* [About this task] Restate, exactly as written, the entries below from the line that holds "istock Rocky coastline" through the line that holds "Authentic GlouGlou Fish". Pictures are not part of the copy.

* [Working data]
Content starts
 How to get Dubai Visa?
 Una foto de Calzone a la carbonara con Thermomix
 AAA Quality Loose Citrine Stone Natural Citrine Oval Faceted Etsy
Content ends
Content starts
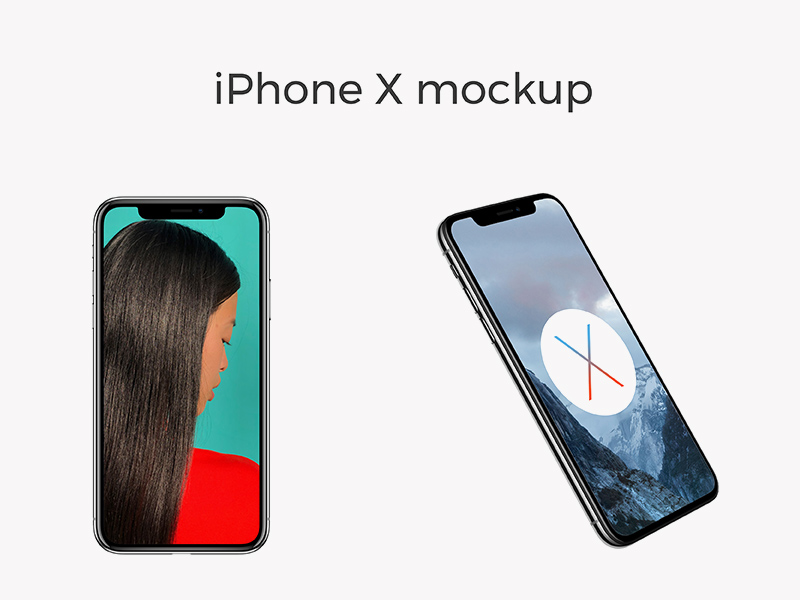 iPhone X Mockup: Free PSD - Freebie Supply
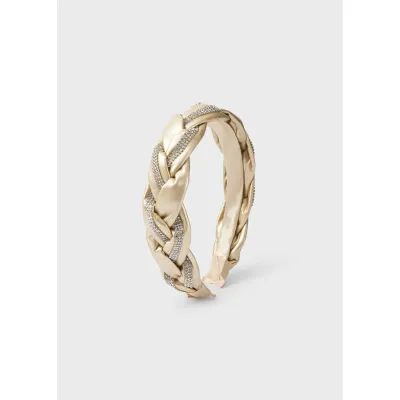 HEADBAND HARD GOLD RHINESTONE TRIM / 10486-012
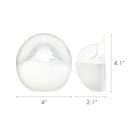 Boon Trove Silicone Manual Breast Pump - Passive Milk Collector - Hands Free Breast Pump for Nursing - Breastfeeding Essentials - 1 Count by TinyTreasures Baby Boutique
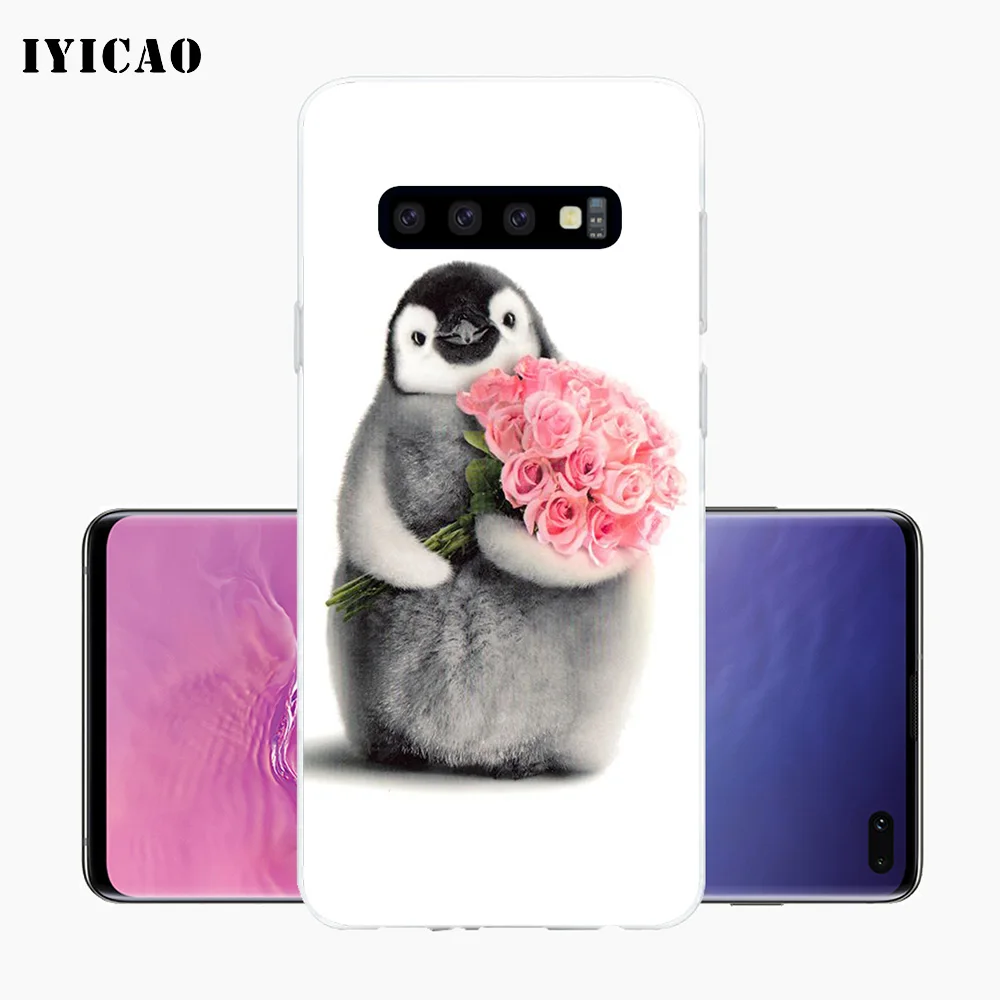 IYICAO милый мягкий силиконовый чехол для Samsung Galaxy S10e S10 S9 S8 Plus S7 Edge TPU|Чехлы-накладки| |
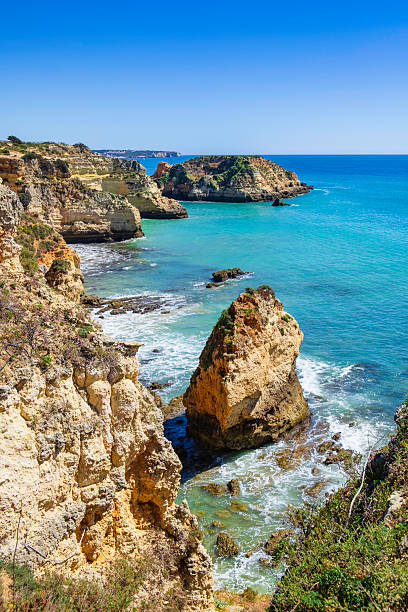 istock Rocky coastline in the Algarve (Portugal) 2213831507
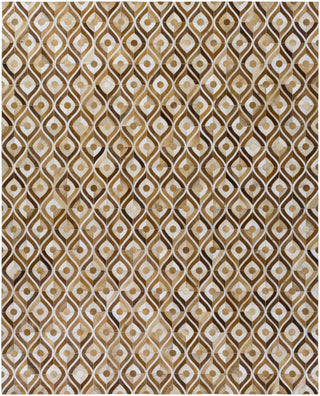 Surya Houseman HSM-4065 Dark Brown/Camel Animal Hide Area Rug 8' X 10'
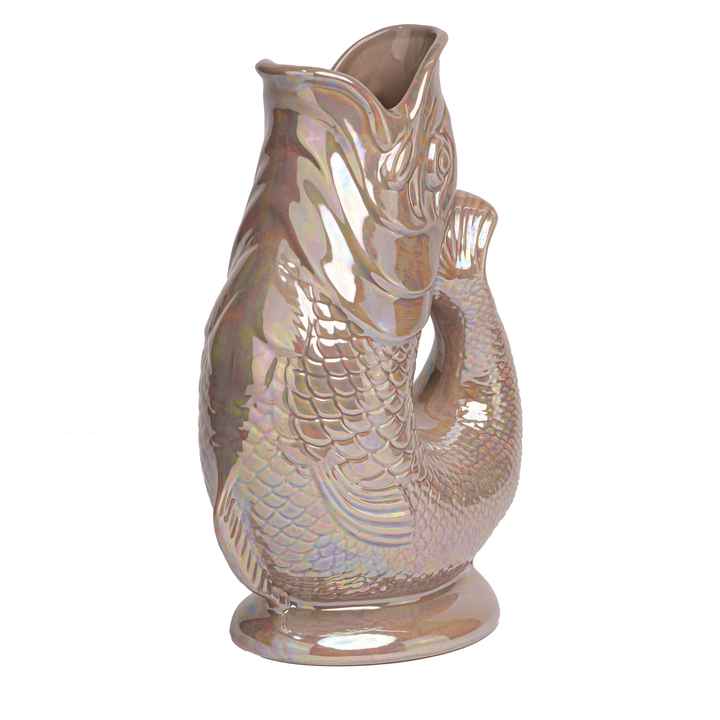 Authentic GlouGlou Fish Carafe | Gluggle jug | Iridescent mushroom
Content ends
* [Task solution]
 istock Rocky coastline in the Algarve (Portugal) 2213831507
 Surya Houseman HSM-4065 Dark Brown/Camel Animal Hide Area Rug 8' X 10'
 Authentic GlouGlou Fish Carafe | Gluggle jug | Iridescent mushroom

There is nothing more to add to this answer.